PROVIDED ENTRIES START

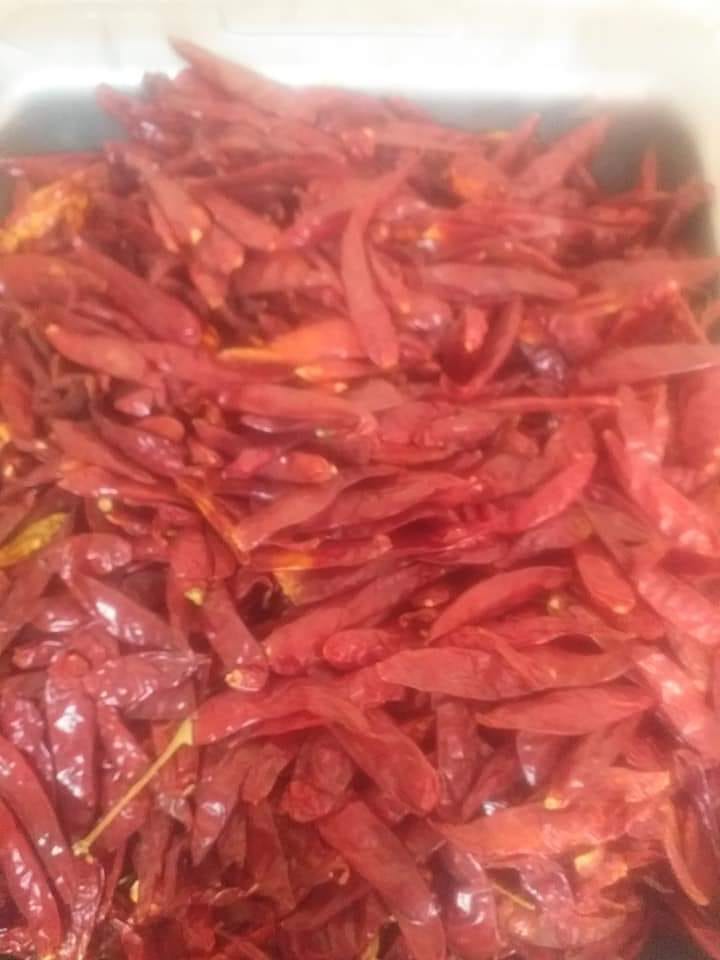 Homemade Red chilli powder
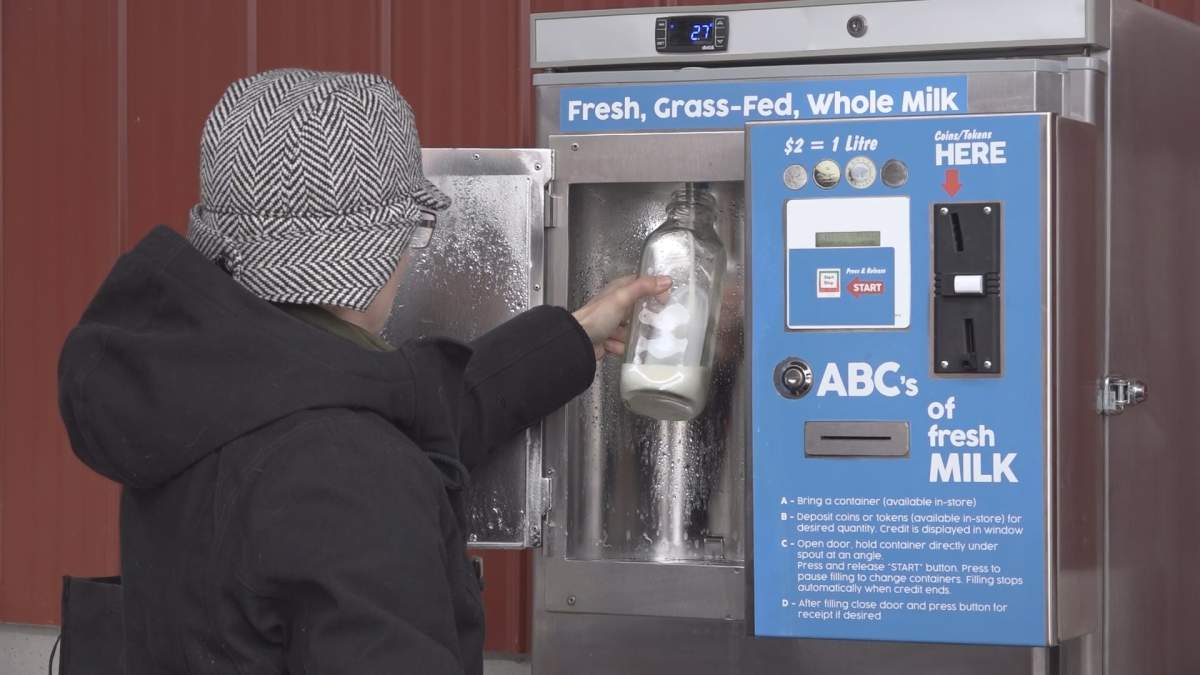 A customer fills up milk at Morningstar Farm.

PROVIDED ENTRIES END
PROVIDED ENTRIES START

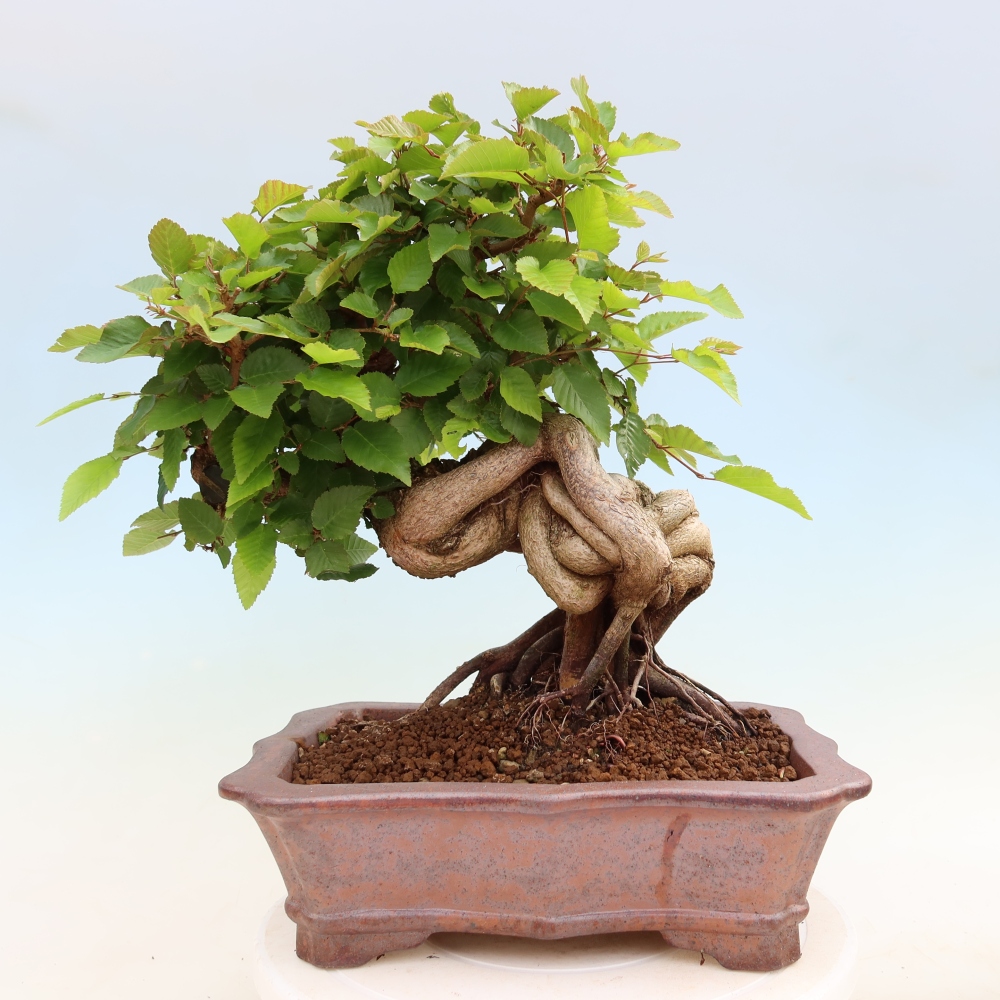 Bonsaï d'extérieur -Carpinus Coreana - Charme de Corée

PROVIDED ENTRIES END

YOUR ASSIGNMENT:
Copy word for word only the lines above from the one with "Homemade Red chilli powder" through the one with "A customer fills". Leave pictures out.

ANSWER:
 Homemade Red chilli powder
 A customer fills up milk at Morningstar Farm.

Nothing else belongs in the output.